И осекся. Прикусил язычок.

– Даром что – что? – сухим, собранным голосом спросил Вадим Мефодьевич у Анатолия Андреевича.

Смешливый в прежней жизни Хмелев (Хуторянин, как его прозвали тут) без труда удержался от неуместной улыбки, а Рубахе – уводя с места преступления – пришлось уверять, что нет, ни-ког-да, и не такие уж дураки в облздраве. Что не бывать в Казимове дому престарелых, а исполать стать – многая лета! – участковой врачнице имени старины Мефодьича.

Угрюмо отслушав «дружески подначивающую» диатрибу и нимало ею не тронутый, старина Мефодьич сам забубнил о «слишком долгом» пути эритроцита к мозгу у разного рода амбалов и что посему порох выдумали не кавалергарды, не регбисты какие-нибудь, а легкотелые древние китайцы. что рост умнейшего человека России был... и т. д. и т. п. и проч. и проч.

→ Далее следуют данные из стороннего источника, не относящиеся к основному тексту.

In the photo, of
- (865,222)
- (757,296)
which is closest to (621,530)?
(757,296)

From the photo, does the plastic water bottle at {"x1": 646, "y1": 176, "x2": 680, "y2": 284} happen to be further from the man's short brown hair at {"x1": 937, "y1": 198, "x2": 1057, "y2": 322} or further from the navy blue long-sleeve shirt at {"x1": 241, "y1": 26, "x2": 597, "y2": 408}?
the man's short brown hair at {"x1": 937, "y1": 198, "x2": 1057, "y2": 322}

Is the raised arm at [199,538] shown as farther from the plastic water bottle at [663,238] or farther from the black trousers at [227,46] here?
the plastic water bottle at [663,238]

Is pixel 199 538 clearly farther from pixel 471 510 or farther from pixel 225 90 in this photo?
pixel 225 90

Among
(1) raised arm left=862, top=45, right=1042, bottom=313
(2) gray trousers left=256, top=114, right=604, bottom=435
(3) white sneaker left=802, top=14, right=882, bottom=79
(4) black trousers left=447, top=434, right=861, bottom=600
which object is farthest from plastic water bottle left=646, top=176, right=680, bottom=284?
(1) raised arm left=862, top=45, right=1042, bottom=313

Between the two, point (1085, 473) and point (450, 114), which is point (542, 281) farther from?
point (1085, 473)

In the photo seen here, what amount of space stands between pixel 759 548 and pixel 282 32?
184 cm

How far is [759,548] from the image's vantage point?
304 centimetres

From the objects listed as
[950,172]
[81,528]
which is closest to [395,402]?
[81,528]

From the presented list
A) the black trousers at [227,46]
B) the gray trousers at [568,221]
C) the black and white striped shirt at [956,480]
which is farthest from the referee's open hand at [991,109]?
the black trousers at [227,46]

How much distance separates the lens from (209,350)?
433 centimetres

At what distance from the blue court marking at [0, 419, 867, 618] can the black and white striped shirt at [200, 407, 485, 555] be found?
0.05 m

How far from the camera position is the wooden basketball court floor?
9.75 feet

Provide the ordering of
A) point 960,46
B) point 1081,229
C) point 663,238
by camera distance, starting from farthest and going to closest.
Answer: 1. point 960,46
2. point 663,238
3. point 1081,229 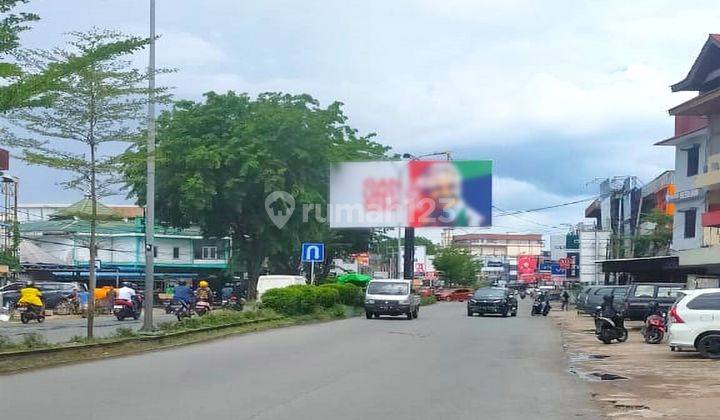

Это был ответ на даром что, на опрометчивый намек о невысоком росте старины Мефодьича, на общую его физическую мелковатость.

И это был перебор.

Конфузясь за товарища, Рубаха молчал, темнел и клонил долу клочну бороду, а озабоченный хозяин дома – Хуторянин – прикидывал в уме число дней с убытия питерской гостьи.